Australia Borrows A$1.0B And Pays Nothing, Even Gets Paid For Most Of It

By Sophia Rodrigues

(Sydney, June 10, 2021)—For the first time ever, Australia has borrowed an entire tender totalling A$1.0 billion at no interest cost, even receiving interest for most of that amount.

At the weekly tender of Treasury-Notes, the Australian Office of Financial Management sold A$1.0 billion of the 24 September 2021 Notes at a weighted average yield of -0.0034%.

While the AOFM has previously sold Notes at a negative yield, this is the first time the weighted average yield of the entire tender is negative. Moreover, this is the first time, the AOFM didn’t pay a cent for any Note in the tender because the highest accepted yield is zero.

The previous low for weighted average yield was at the June 3 tender when it came at 0.0015%. The lowest accepted yield at that tender was 0.0050%.

Negative yield on T-Notes is the result of trading opportunities arising from forex swaps where the return from the swap is so positive that one is prepared to offset on the other side of the trade by paying interest on T-Notes.

If the liquidity in the system was not as ample as it is now, and the rate on Exchange Settlement balances was not zero, T-Notes would have likely not gone negative. So, these are contributing factors to making the T-Notes negative, but the attractiveness in forex swaps remains the key reason.

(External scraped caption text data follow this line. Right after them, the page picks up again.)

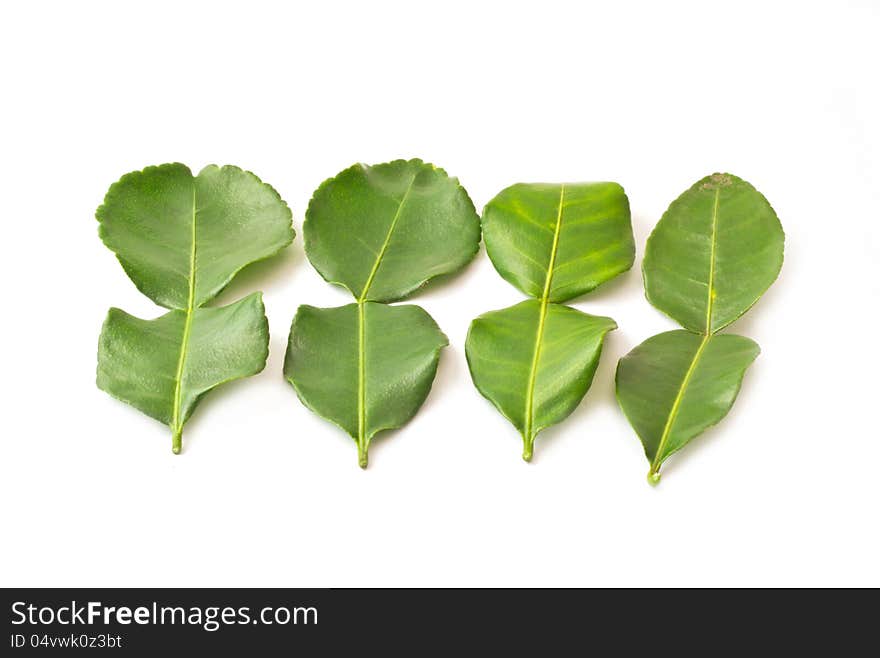 Kaffir lime leaves isolated on white background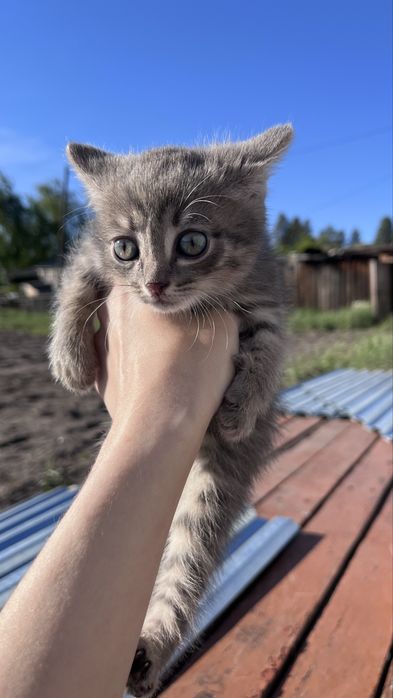 Котята прекрасные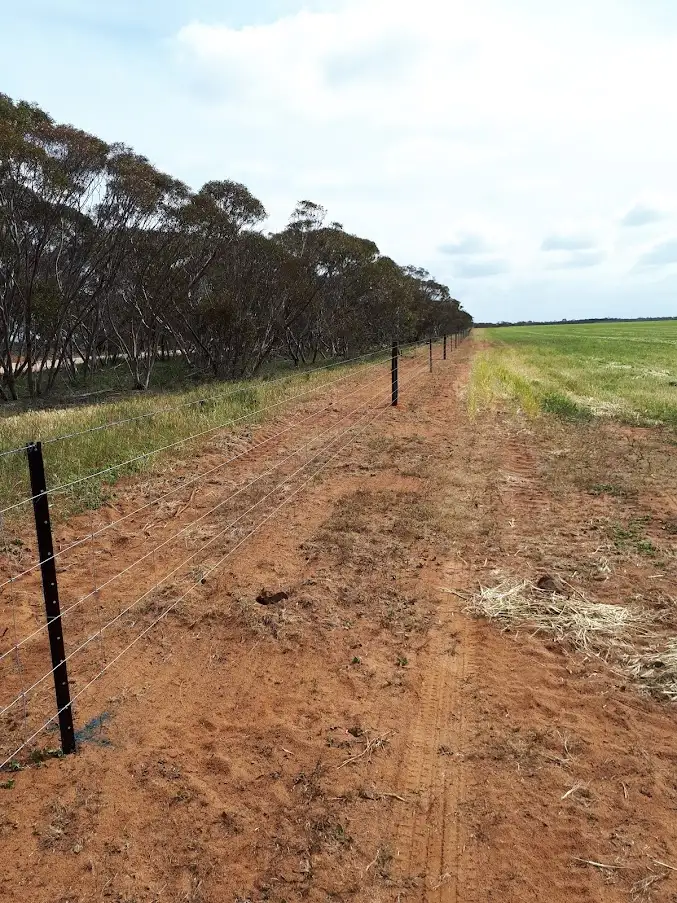 Fourth view of Homely rural property listing, 103 Wegner Road, Karoonda SA 5307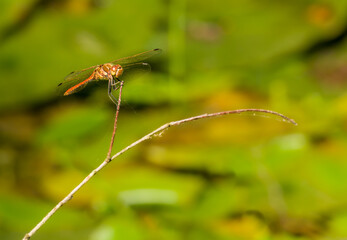 red dragonfly sitting on a twig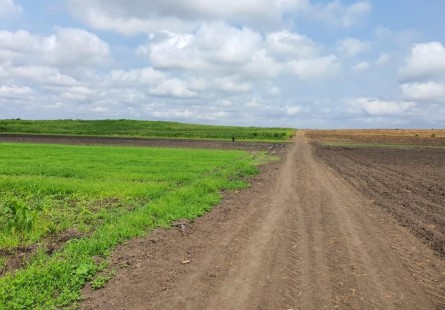 Anúncio Vender: Fazenda na Comuna do Cassoneca, Ícolo e Bengo, Luanda.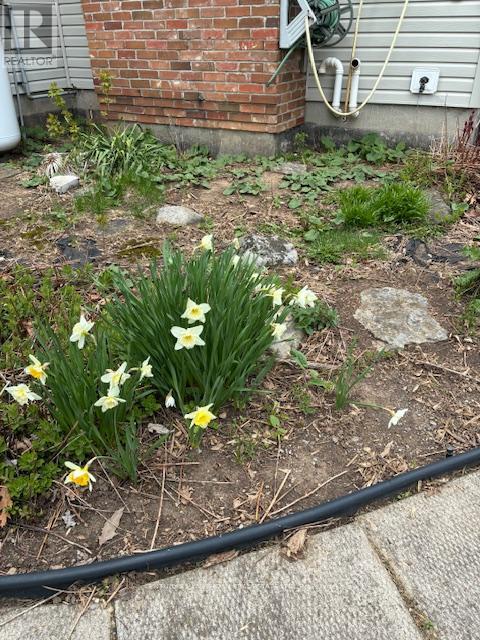 51 B Jericho Road Property Photo 8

Such opportunities were present in December 2020-January 2021 but once trades got too crowded, the gap closed.

Negative yield doesn’t reflect outlook on the RBA’s cash rate.

The RBA’s cash rate target is 10bps but the overnight cash rate has been at 3bps since the start of this year. The total amount of ES balance was around A$275 billion as of June 9, compared with around A$110 billion at the start of the year.